Dear Editor,
Protests are increasingly becoming the preferred ritual of the day. It is good to see these manifestations of citizen rights and an associated vigour that was so distinctly lacking during the go-go days and years of taints and unspeakable tawdriness. Now I delve a bit further.
I disagree with the parking meter people, yet I urge them to stand ground. The key is durability. I learn of parents protesting VAT on private education, and beseech them to get involved in the qualitative, as in what and how the children are doing during their school career. I think of the protesting Wales sugar workers, and I urge them (and their leaders) to be sensible, as well as practical. These three examples have been singled out for reference purposes only.
It is my position that protests are, when legitimate, a constitutionally sanctioned course of action, no matter how anathematic it might be to friends, neighbours and countrymen. At the very least, much needed attention is drawn to perceived, and sometimes real, issues and injustices. But as I write this, there is the concern that protests (and protesters) are slowly gaining the tinge, and attracting the curse of a professional apparatus. As I watch some instances of these public exercises, I wonder why there are so few genuinely poor people in the midst; a grassroots origin appears to be palpably absent.
On too many occasions, the media coverage is about people focused on matters that have roots in money: that is, spending, or not receiving. Now that is a sacred right best not curtailed or squeezed in any way.
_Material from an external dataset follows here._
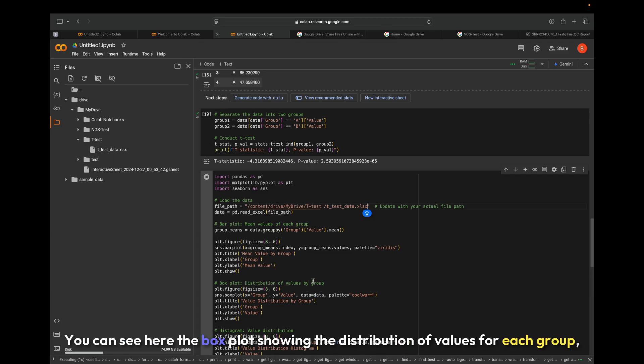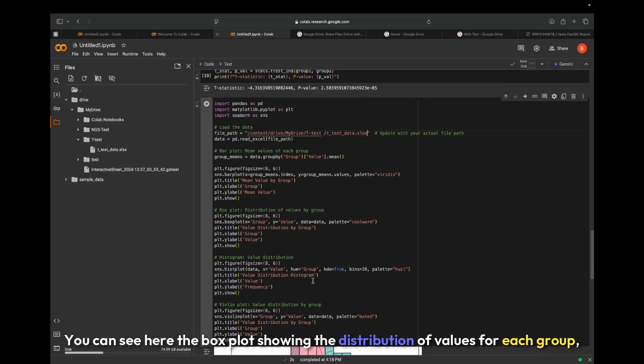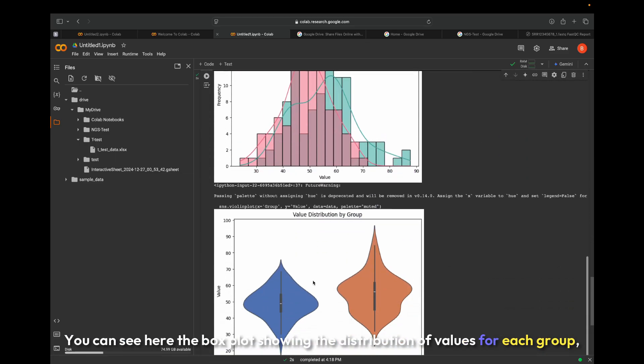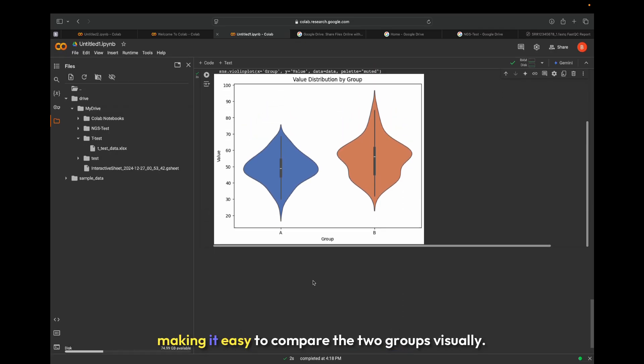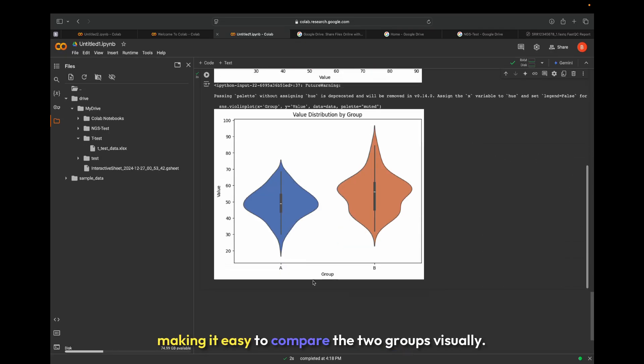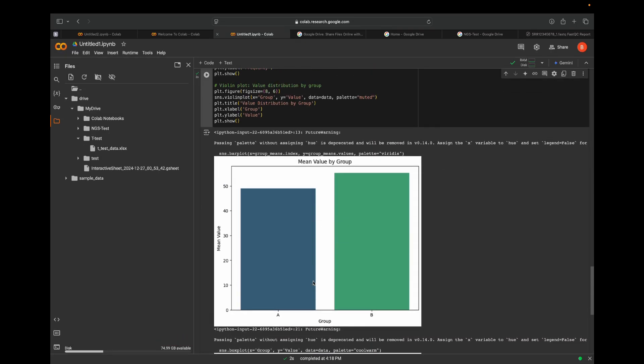You can see here the box plot showing the distribution of values for each group, making it easy to compare the two groups visually.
Still, it would be gratifying to observe more protests dedicated to quality of life issues and holding each other’s feet to the flame.
Examples that come to mind include 1) protesting before City Hall – undesired roads and undesired leadership, for starters; 2) protesting before the Ministry of Public Security –lower/increase that curfew to midnight, I like 10 o’clock better; 3) protesting before the Ministry of Finance (and the GRA) –shout and cry over the deluge of tax charges levied all at once; 4) protesting before admired media houses – stop manufacturing or manipulating facts and opinions; 5) protesting before the Traffic Department – eliminate rank and file lethargy and disconnection from the lawlessness on the roads; and 6) protesting before Freedom House – ask the man not to run again, inestimably bad for the country.
Since there are no dollars involved, these could be hard sells to a populace beginning to suffer from protest fatigue. But come to think of it, the last example, that one about not running for another term is, indeed, money oriented.
Last, the protesting class (it is that, and it is rarely of the working kind) must be careful that it is not dismissed as the antics of the idle, the white-gloved, and those in love and yearning for the extravagances of yesteryear. This would attract that terrible label: ‘Protests R Us!’ Or have time, will travel. Any one of these will defeat any good cause and intention.